"Happy Memorial Day" Remember and Honor

How Memories Make Us Who We Are 

We just celebrated Memorial Day, when we pause to remember and appreciate the many sacrifices of soldiers who served in wars throughout American history. I thought we might pause to consider the nature of memories, how essential they are in making us human, and how flawed they can be.

Here’s some amazing information: according to a blog from medanta.org entitled What Is the Memory Capacity Of A Human Brain?

“As mentioned in an article in Scientific American, the memory capacity of a human brain was testified to have equal to 2.5 petabytes of memory capacity.  A ‘petabyte’ means 1024 terabytes or a million gigabytes so that the average adult human brain can accumulate the equivalent of 2.5 million gigabytes of memory. As per the reports of the study conducted by Stanford, the human brain compares constructively with the most authoritative modern computers. The cerebral cortex in the human brain is proficient in possessing 125 trillion synapses, which may stock as much as 2.5 petabytes of overall memory capacity.” Wow!

To appreciate how different regular memories are as compared to traumatic memories, Bessel Van der Kolk, in his introduction to the Peter Levine book Trauma and Memory shares the following: “…the difference between ordinary memories (stories that change and that fade with time) and traumatic memories (recurring sensations and movements that are accompanied by intense negative emotions of fear, shame, rage, and collapse) is the result of a breakdown of the brain systems that are responsible for creating ‘autobiographical memories.’”

It turns out that ordinary memories are not all that reliable over time. I remember being so sure that the hedge cutters in my garage were green only to discover they were red in color. I remember being frustrated that my brain could not keep track of something as simple as the color of hedge cutters. On the other hand, having a significant trauma history, when I experience flashbacks, they are crystal-clear, and I feel as if I am back in time with all the visuals, smells, and other sensations.

In the book Sybil which documents the story of a highly traumatized young woman, her psychiatrist shares that at some point she went back to Sybil’s childhood home and climbed up the ladder to a loft in the barn where she opened a small wooden traveling case and she found the scratches of a yellow crayon that Sybil had told her she used when she was held hostage there at about the age of three or four.

There are many songs that highlight the power and importance of our memories.
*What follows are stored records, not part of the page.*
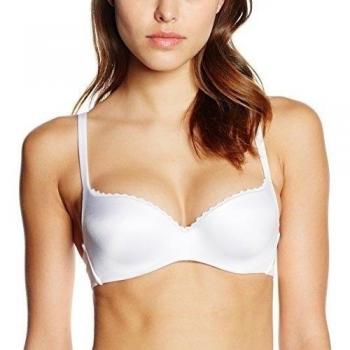 Lovable Reggiseno Ferretto Leggermente Imbottito Power Lift, Valorizza il Decolletè, Parte de Arriba de Bikini para Mujer, Blanco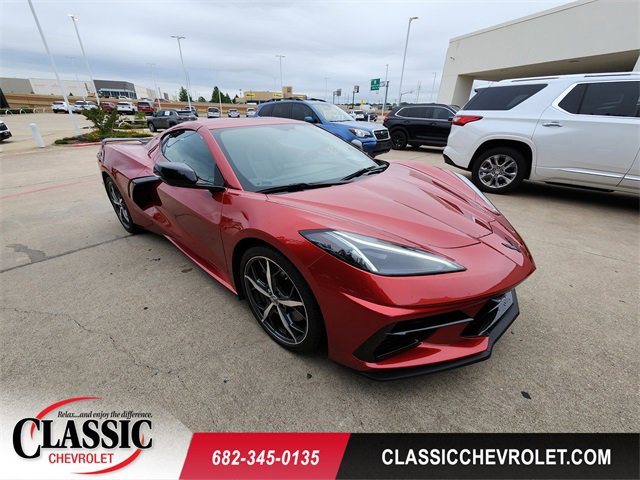 Used 2021 Chevrolet Corvette Stingray Preferred Cpe w/ Z51 Performance Package RWD image 1
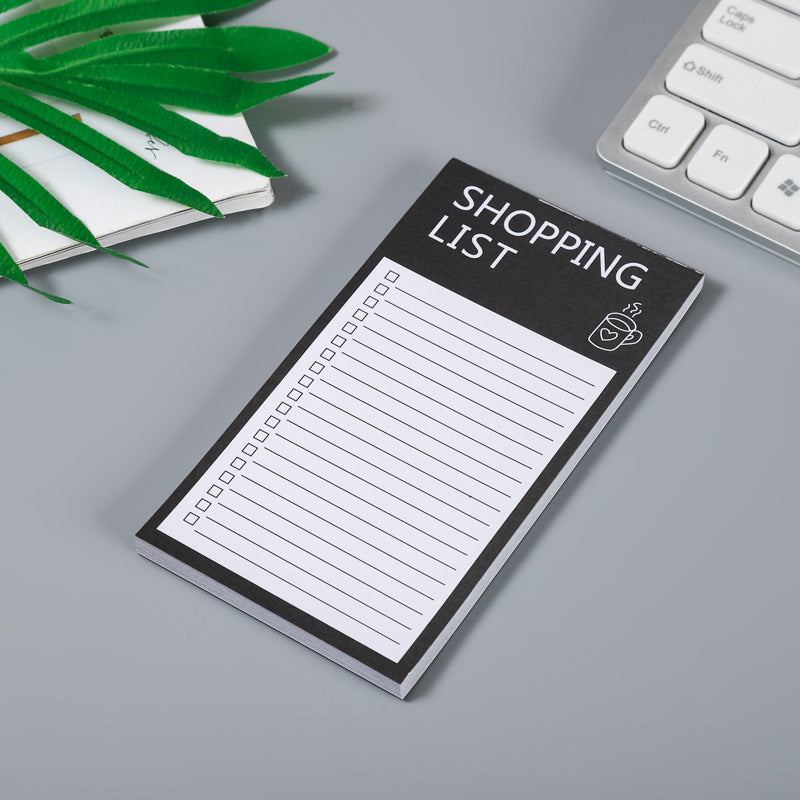 Portable Tearable Magnet Memo Board, Magnetic Fridge Message Board, Sticky Notes, Kitchen Shopping List Office Planner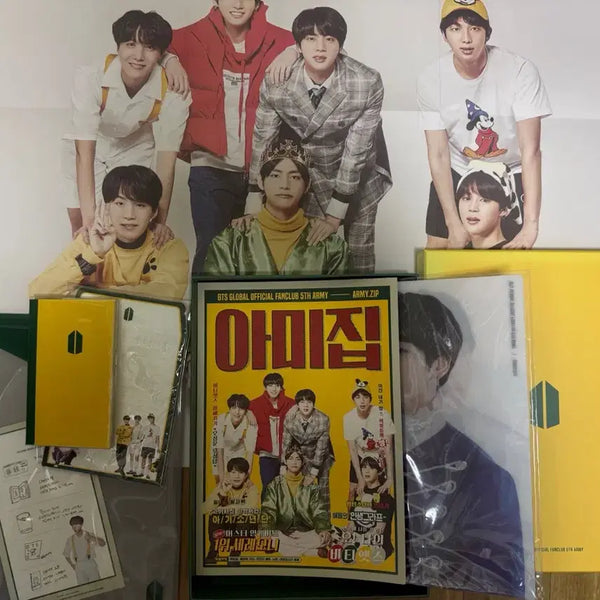 [BUNJANG] BTS ARMY ZIP 5th Album Component Set / BTS 5기 아미집 앨범 구성품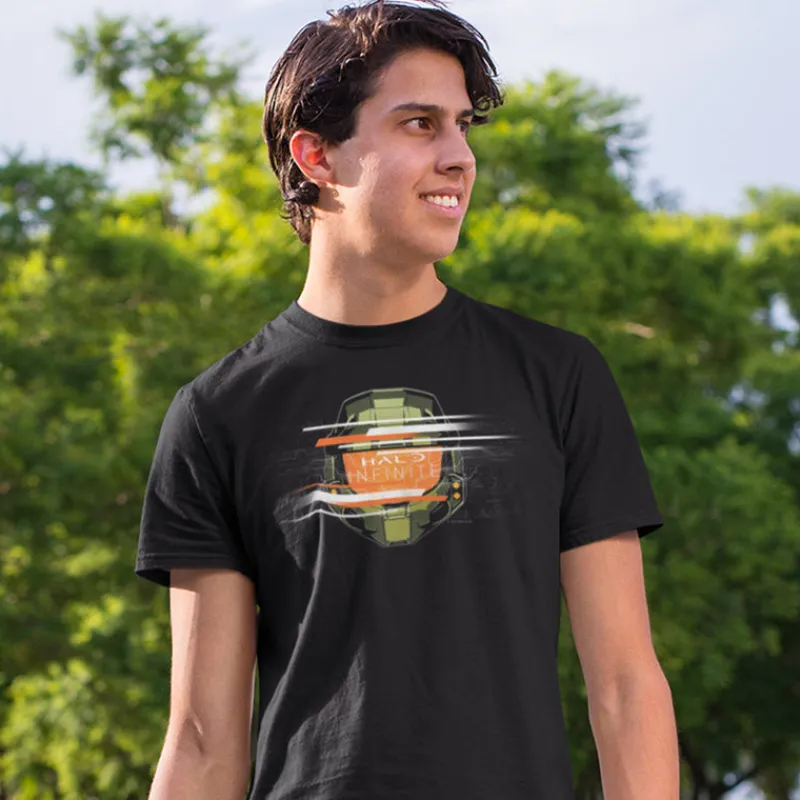 printful2 Halo Infinite Master Chief Visor Tee Clearance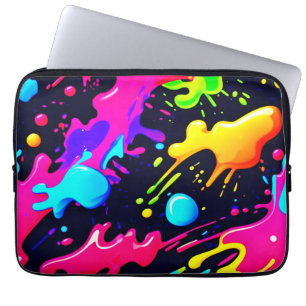 Housse Pour Ordinateur Portable Art d'explosion de couleur liquide abstraite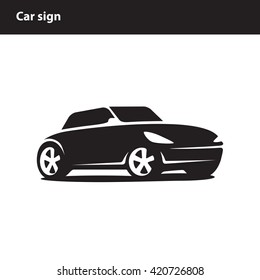 The sign for the garage or racing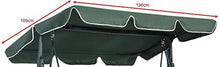 LINGKY Tettuccio per Dondolo Tetto di Ricambio per Dondolo da Giardino, Copertura di Ricambio Dimensioni 2 E 3 Posti E Vari Colori (114x164x15cm,Green)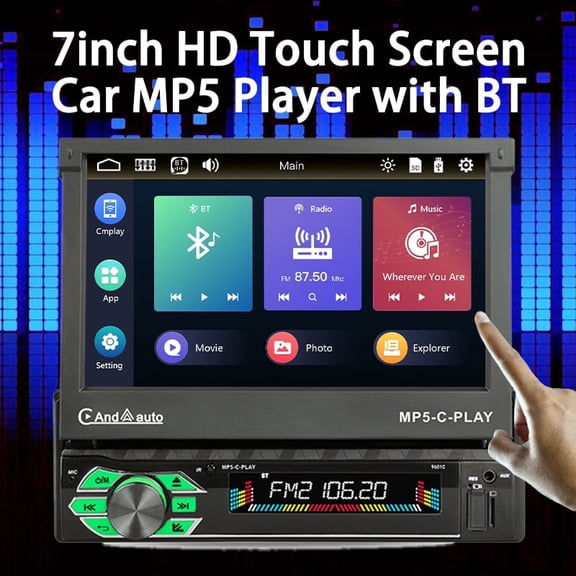 Polarlander Touch Screen Radio Car In-Dash Unit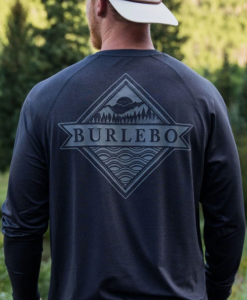 Burlebo Men's Performance Sun Tee - BURLEBO Tonal Logo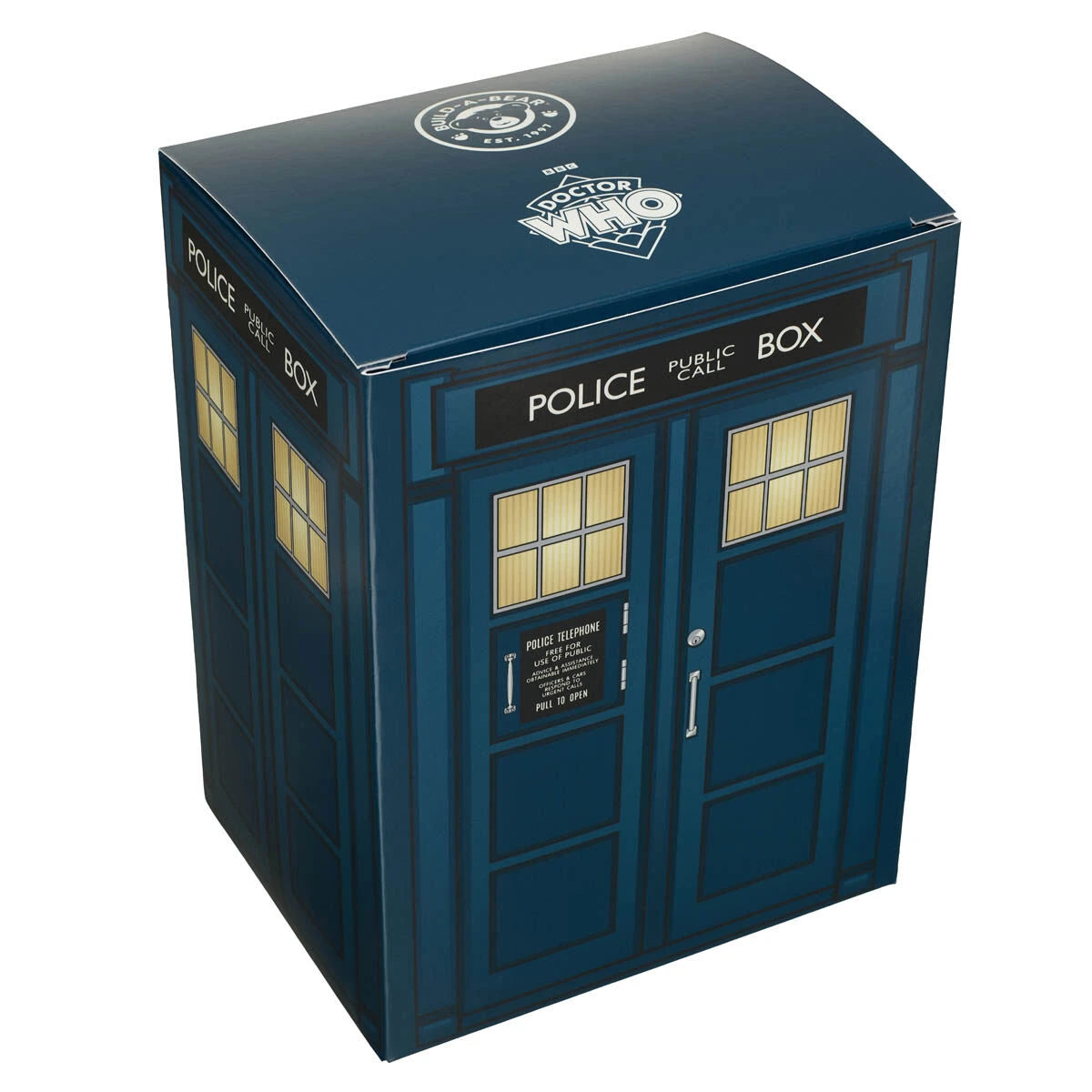 Doctor Who Teddy Bear Fifteenth Doctor Gift Set with TARDIS Gift Box | Build-A-Bear® - US 5585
I think of the lyrics of the song, “Try to Remember” by The Brother Four and “Memories” from the Broadway show Cats as two examples.

Our memories make up much of who we are, even when they fade and are less accurate. They also help us ensure as best as we can that we do not repeat behaviors that were harmful to us or others. As philosopher George Santayana stated in a series he wrote in 1905 called Great Ideas of Western Man, “Those who cannot remember the past are condemned to repeat it.”

As we move into summer there are many opportunities to remember our past, to be grateful to those in the miliary who made so many sacrifices, to embrace the joys of vacations spent with family members, to remembering times as a child when we could play outside until dark with no worries about finishing schoolwork. Happy memories are to be cherished. Sad ones are to be embraced especially when they honor someone or something that involves grief, sadness and loss. People create scrap books and write journals to preserve important memories. Families can make the time to reminisce and therefore celebrate shared history. We have the power to access at least some of our billions of memories to tell us who we are. What a gift memories are to us! 

 Invitation for Reflection:

  1. What are some of your memories around summertime, Memorial Day celebrations, vacations, family gatherings? Which ones bring you joy and gratitude? Which ones are mingled with things that involve sadness and loss?
  2. Why do you think it is important to remember the idea that those who cannot remember the past are condemned to repeat it? Does this help you to appreciate why we need to study the history of our families, this country, and even World History?